INPUT DATA ->
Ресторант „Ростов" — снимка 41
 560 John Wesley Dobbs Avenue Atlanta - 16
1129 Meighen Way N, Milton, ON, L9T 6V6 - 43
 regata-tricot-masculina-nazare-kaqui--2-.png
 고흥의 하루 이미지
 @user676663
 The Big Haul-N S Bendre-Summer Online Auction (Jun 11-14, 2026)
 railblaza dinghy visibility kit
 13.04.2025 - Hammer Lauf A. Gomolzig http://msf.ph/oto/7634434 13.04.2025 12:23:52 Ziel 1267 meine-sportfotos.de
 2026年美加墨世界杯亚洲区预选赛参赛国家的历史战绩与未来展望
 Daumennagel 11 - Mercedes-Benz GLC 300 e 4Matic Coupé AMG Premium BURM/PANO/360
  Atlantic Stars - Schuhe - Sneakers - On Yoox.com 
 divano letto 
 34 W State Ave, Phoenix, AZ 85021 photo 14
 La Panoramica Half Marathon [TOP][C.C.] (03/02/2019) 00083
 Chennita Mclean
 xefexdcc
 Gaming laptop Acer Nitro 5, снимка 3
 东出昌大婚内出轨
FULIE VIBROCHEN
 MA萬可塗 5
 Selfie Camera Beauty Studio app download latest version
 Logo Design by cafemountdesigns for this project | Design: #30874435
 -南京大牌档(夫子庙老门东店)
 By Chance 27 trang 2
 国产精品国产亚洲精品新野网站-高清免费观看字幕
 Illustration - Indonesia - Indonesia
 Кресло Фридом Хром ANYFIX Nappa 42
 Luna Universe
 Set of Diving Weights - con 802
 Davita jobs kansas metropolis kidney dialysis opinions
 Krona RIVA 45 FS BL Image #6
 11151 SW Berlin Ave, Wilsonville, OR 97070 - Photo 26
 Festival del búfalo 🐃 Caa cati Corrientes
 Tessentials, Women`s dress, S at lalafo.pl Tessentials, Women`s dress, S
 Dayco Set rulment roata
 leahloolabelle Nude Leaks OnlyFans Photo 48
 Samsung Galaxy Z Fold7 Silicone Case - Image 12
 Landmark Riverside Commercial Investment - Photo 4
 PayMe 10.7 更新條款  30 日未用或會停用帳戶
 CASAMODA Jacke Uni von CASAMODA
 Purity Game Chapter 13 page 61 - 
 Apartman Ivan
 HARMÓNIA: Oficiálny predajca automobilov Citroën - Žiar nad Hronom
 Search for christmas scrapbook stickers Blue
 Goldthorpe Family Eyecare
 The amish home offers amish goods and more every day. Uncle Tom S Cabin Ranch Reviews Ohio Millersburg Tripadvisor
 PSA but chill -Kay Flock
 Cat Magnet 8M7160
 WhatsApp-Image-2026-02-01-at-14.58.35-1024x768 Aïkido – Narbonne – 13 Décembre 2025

TASK DIRECTIONS -> Gather all lines from the records above in which "снимка" appears.

ANSWER TO THE EXERCISE ->
Ресторант „Ростов" — снимка 41
 Gaming laptop Acer Nitro 5, снимка 3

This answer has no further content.